*WHAT IS EXPECTED*
From the data below, copy exactly the lines that lie between the one holding "In this flowchart, I" and the one holding "OK, now we're", including both, and nothing more.

** DATA follows **

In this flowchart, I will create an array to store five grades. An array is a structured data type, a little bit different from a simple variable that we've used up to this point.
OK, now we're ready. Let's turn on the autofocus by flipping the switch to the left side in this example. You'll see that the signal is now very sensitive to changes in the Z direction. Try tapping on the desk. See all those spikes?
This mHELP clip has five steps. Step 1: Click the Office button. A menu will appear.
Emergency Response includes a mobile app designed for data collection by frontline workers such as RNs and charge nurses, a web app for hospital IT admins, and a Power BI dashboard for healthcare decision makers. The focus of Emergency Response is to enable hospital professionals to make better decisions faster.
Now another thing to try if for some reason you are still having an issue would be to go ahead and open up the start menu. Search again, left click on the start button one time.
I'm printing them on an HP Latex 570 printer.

** End of DATA **
** DATA follows **

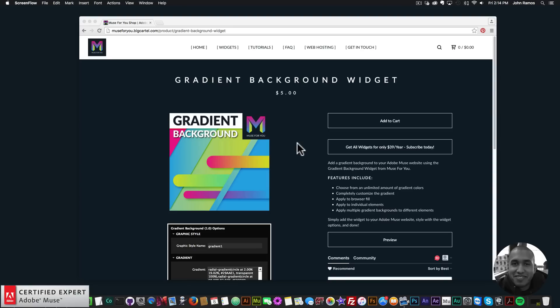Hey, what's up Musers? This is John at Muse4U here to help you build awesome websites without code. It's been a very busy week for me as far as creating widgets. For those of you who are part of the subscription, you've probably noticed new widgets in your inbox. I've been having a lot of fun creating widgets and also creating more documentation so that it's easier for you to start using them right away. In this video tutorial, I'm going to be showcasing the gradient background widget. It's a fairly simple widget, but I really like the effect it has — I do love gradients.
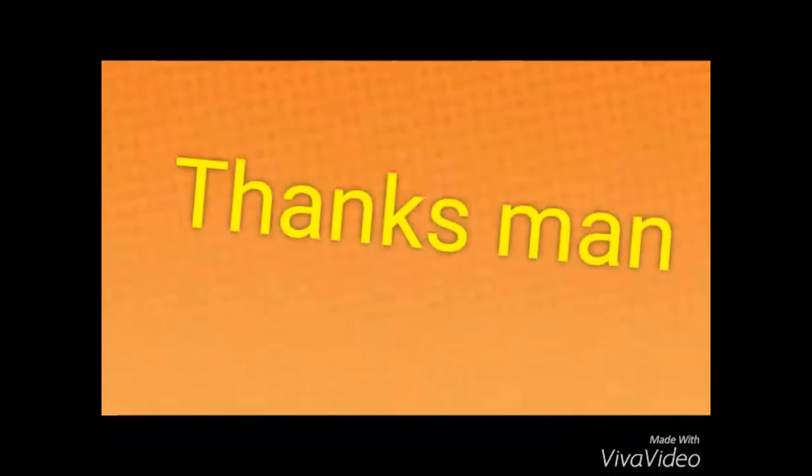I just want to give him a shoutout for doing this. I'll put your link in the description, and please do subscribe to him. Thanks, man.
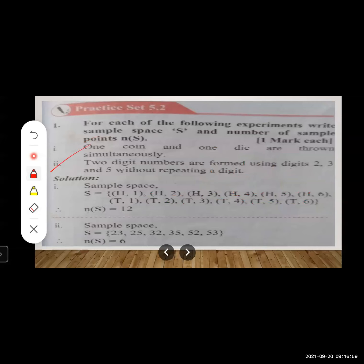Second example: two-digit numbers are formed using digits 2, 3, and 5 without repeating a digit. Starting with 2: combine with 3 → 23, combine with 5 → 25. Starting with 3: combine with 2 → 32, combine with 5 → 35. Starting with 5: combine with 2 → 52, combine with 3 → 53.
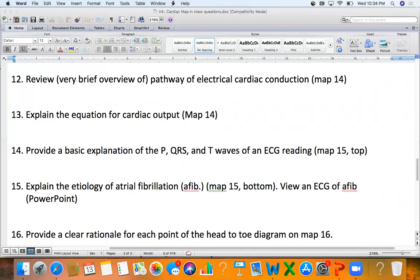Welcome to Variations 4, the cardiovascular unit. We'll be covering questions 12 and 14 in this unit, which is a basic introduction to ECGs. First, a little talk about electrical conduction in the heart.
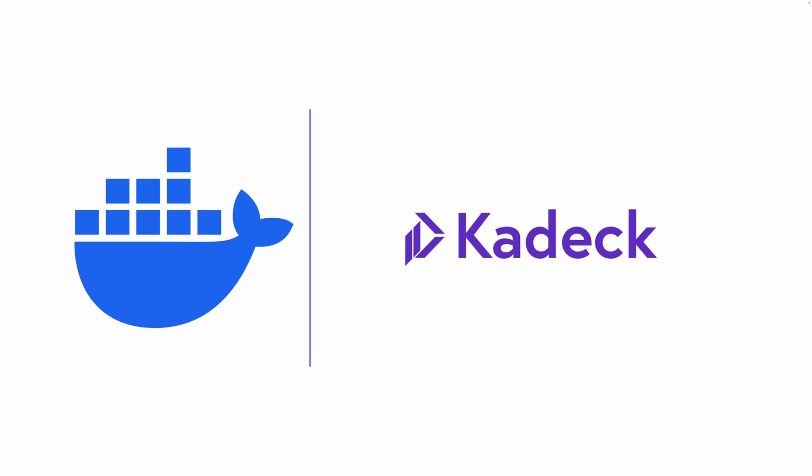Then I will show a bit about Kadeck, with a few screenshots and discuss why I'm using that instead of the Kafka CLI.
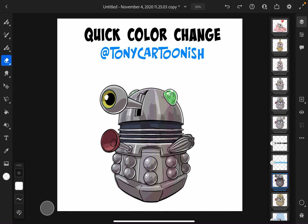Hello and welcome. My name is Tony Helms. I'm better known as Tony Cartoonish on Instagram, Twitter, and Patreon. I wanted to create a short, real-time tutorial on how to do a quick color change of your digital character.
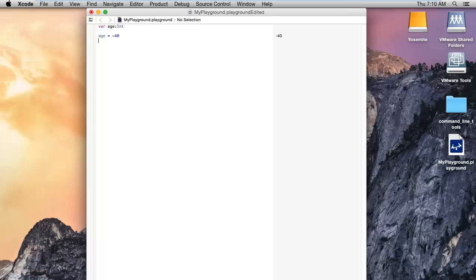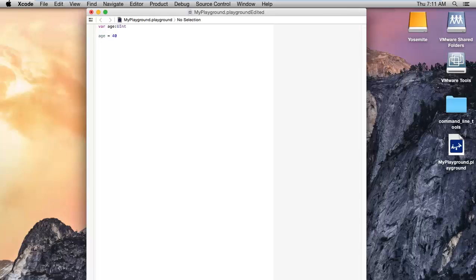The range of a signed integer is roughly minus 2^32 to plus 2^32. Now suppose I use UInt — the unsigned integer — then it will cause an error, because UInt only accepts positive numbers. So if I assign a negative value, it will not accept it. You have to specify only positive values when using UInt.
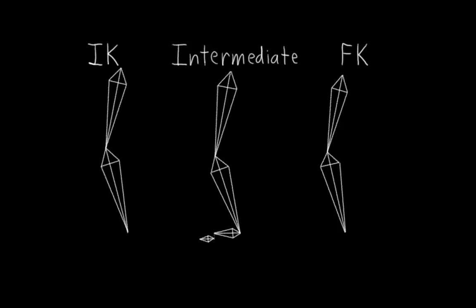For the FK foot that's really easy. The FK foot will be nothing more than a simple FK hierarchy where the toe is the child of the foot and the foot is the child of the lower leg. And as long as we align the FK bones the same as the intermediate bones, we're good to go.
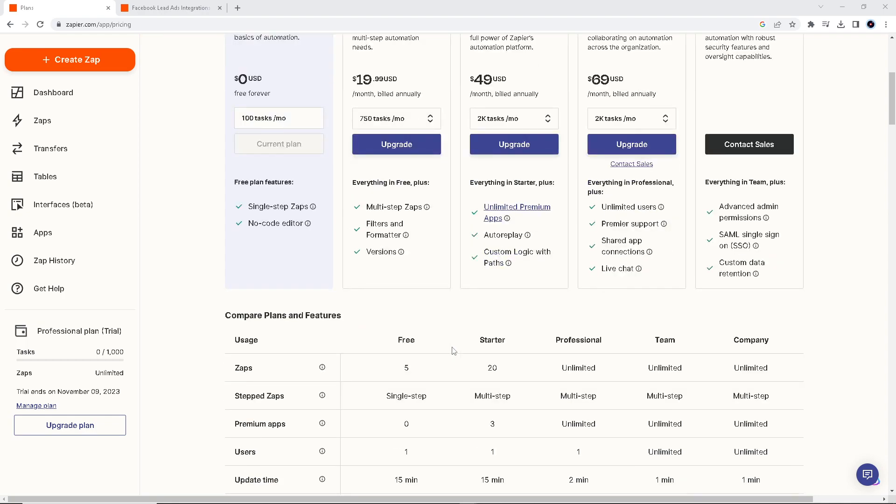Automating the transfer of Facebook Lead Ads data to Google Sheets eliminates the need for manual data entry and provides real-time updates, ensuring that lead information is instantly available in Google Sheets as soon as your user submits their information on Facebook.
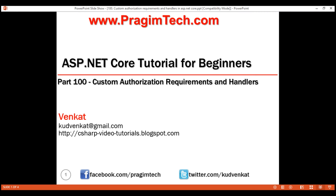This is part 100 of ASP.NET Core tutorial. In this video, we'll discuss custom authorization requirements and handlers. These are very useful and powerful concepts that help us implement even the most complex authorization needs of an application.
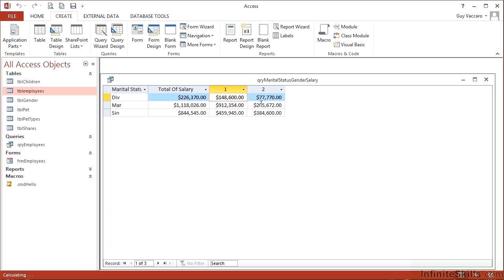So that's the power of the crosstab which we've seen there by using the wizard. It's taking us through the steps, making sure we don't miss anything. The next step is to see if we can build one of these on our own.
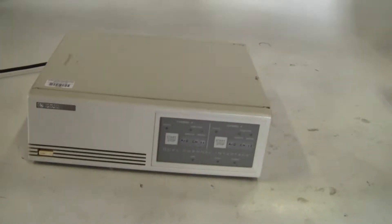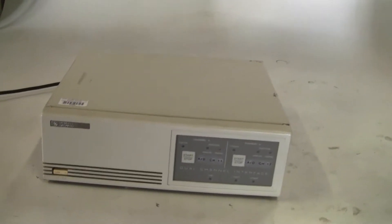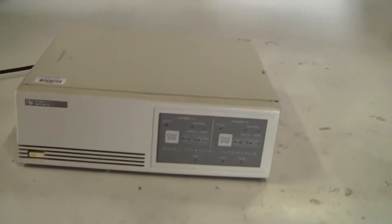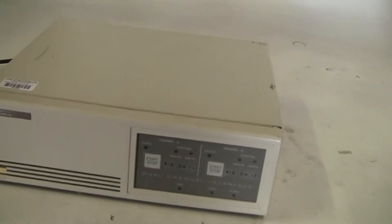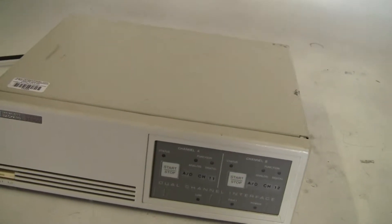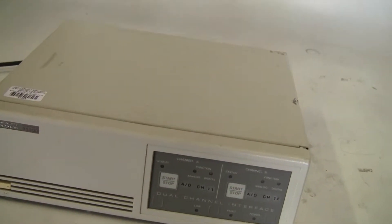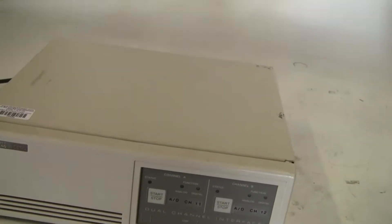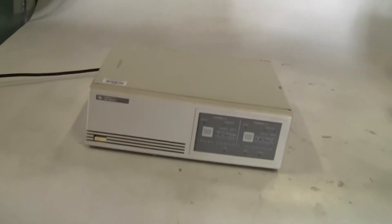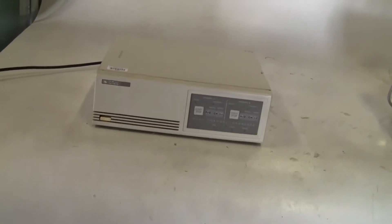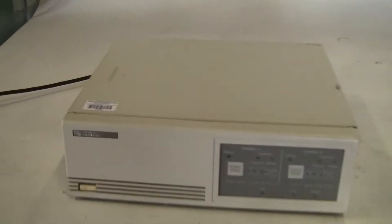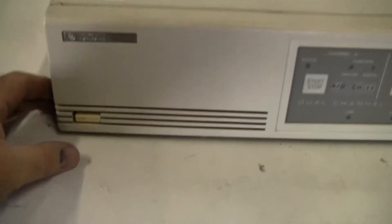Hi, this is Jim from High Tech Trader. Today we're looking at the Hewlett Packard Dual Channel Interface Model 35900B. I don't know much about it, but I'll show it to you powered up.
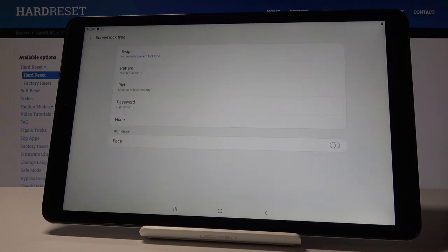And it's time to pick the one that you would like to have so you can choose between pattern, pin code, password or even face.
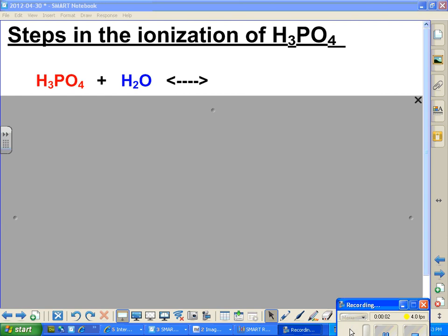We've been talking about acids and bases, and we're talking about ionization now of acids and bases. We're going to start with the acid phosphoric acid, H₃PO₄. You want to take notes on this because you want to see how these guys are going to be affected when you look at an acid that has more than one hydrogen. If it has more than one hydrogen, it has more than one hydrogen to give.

** End of DATA **

*REPLY*
In this flowchart, I will create an array to store five grades. An array is a structured data type, a little bit different from a simple variable that we've used up to this point.
OK, now we're ready. Let's turn on the autofocus by flipping the switch to the left side in this example. You'll see that the signal is now very sensitive to changes in the Z direction. Try tapping on the desk. See all those spikes?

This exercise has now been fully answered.